As forças israelenses, que afirmaram que cerca de 15 "terroristas" atacaram o acampamento em questão, disseram que pelo menos três militares israelenses foram feridos nos confrontos, um deles gravemente.
Eles explicaram que 14 homens armados "saíram de um túnel próximo ao acampamento e abriram fogo contra as tropas", que revidaram, de acordo com um comunicado do exército. Todos eles pertencem ao batalhão Nahshon da brigada Kfir das forças armadas.
O exército israelense garantiu que foram tomadas as medidas necessárias para encontrar todos os responsáveis e "acabar com eles".
ALA MILITAR DO HAMAS REIVINDICA A RESPONSABILIDADE PELO ATAQUE
Mais tarde, as Brigadas Ezzeldin al-Qassam, o braço armado do Movimento de Resistência Islâmica (Hamas), reivindicou a responsabilidade pelo ataque e explicou que um grupo de milicianos atacou vários tanques com dispositivos explosivos.
Os milicianos também atacaram vários edifícios onde as forças israelenses estavam barricadas com mísseis e metralhadoras, de acordo com o jornal Filastin, favorável ao Hamas.
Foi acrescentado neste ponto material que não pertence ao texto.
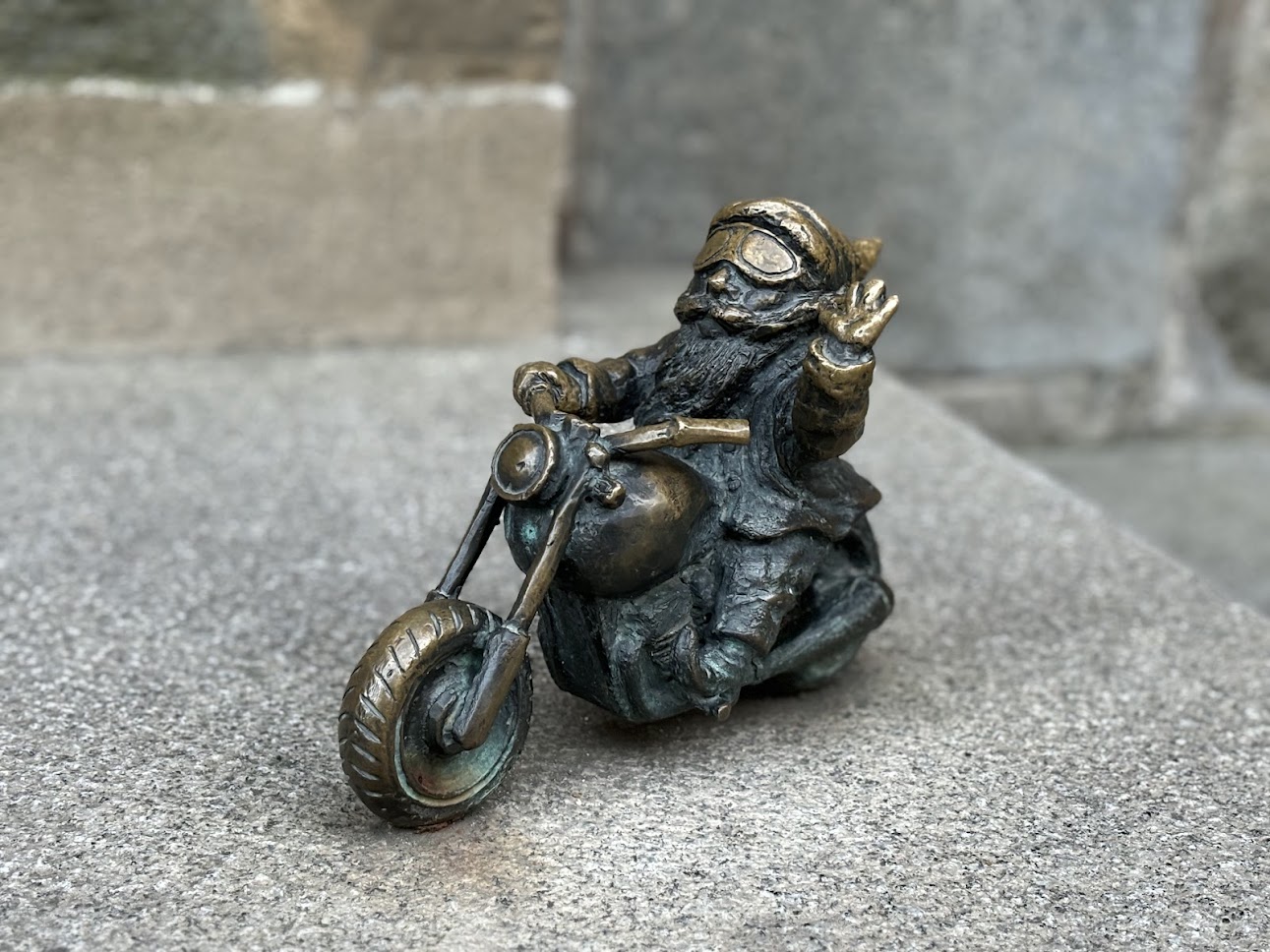 A bronze dwarf statue reading a book in Wrocław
A ala militar da milícia islâmica afirmou que vários soldados israelenses foram mortos por tiros à queima-roupa, bem como por armas pequenas e granadas de mão, embora o exército israelense não tenha confirmado nenhuma fatalidade.
O grupo também afirmou que seus combatentes feriram fatalmente um comandante de tanque e lançaram bombas de morteiro na área para garantir a retirada das forças israelenses. "Após a chegada de reforços, um dos mártires se explodiu entre os soldados, deixando mortos e feridos", afirmou.